-------- Material provided

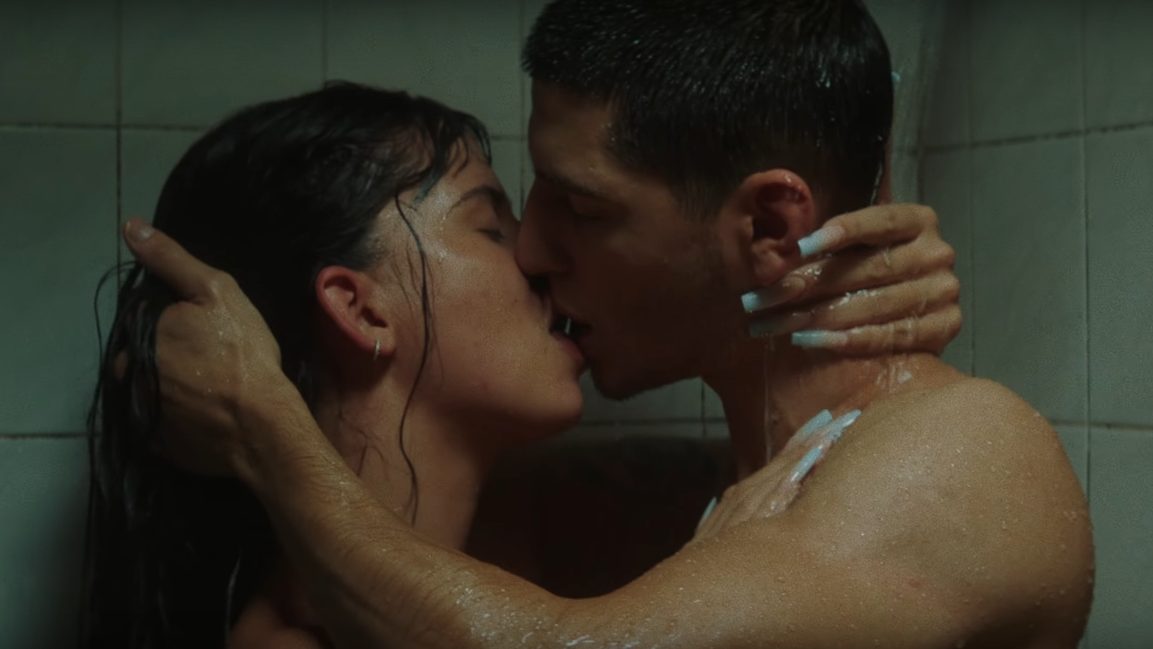 Nathy Peluso hace que nos entre calor en pleno invierno con su ‘Delito’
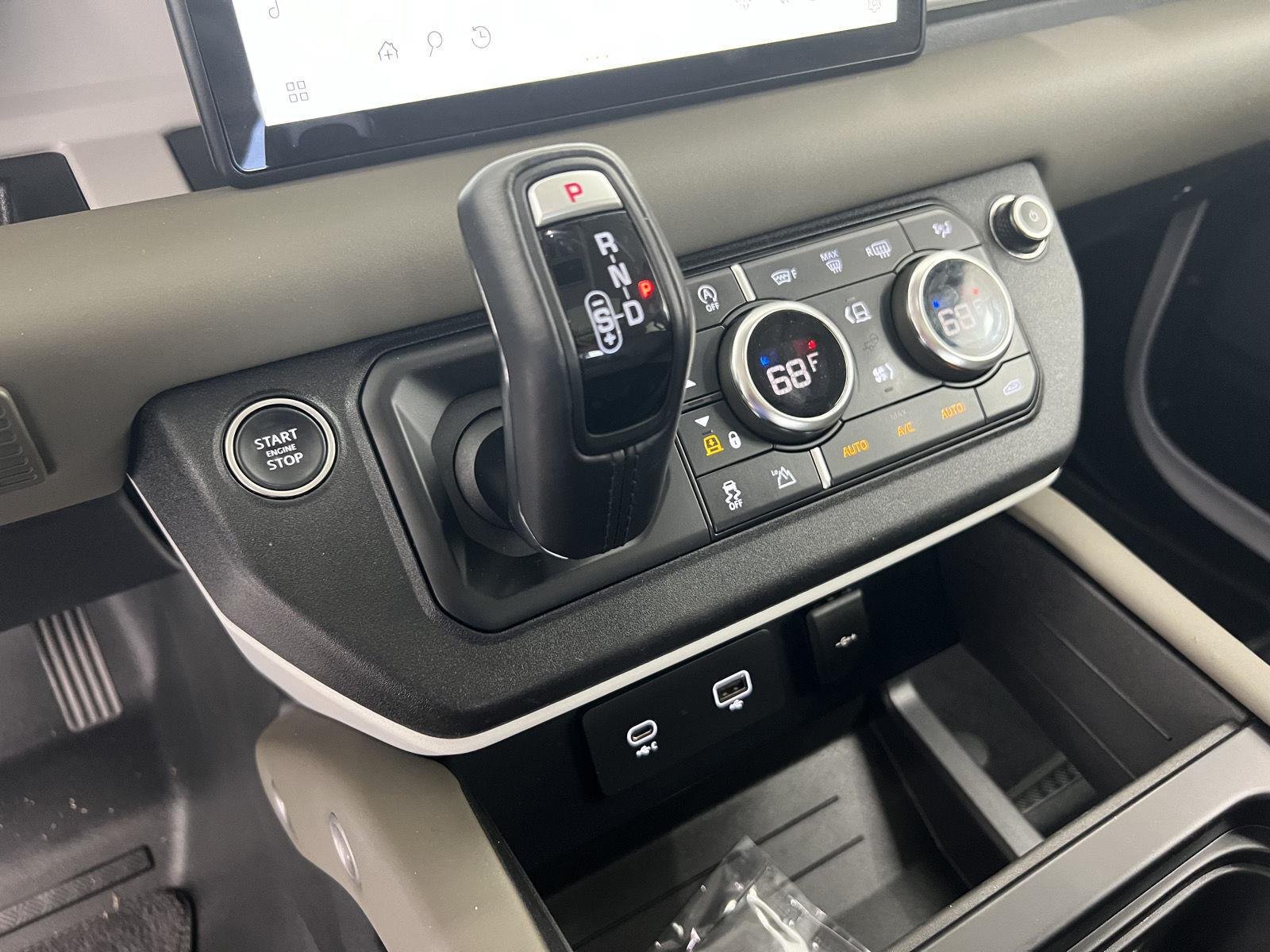 2024 Land Rover Defender S - Photo 21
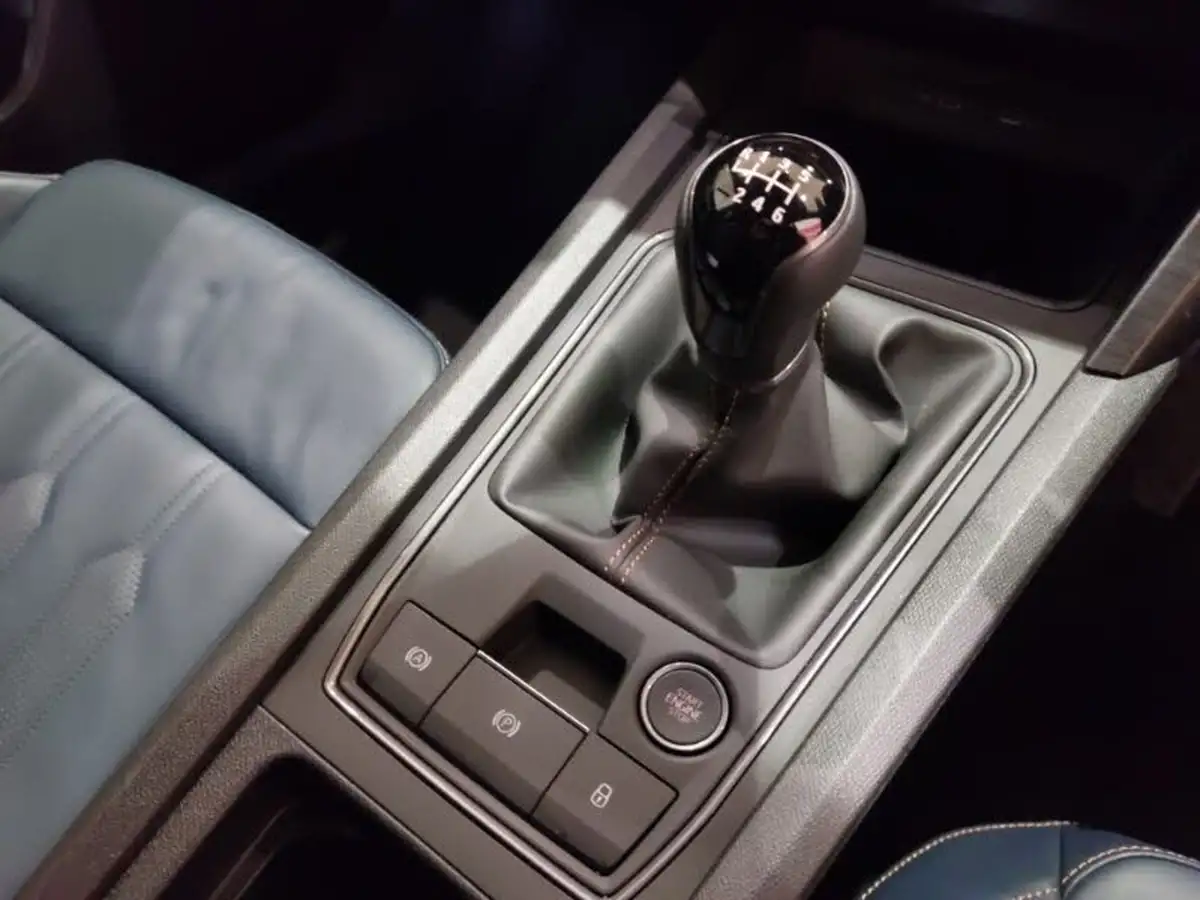 2024-cupra-formentor-15-tsi-v2-big-16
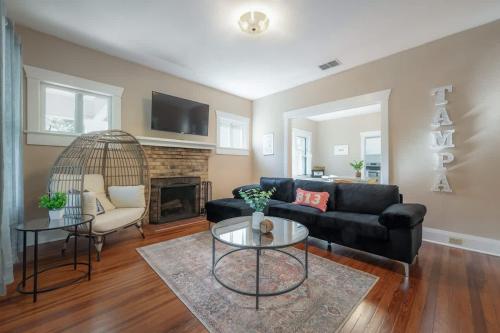 Historic & Cozy Bungalow by Downtown — 4-Star Luxury Hotel in Tampa, United States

----------------

Required action
Take every line of the material and copy it exactly, leaving out the pictures.

Response to the task
 Nathy Peluso hace que nos entre calor en pleno invierno con su ‘Delito’
 2024 Land Rover Defender S - Photo 21
 2024-cupra-formentor-15-tsi-v2-big-16
 Historic & Cozy Bungalow by Downtown — 4-Star Luxury Hotel in Tampa, United States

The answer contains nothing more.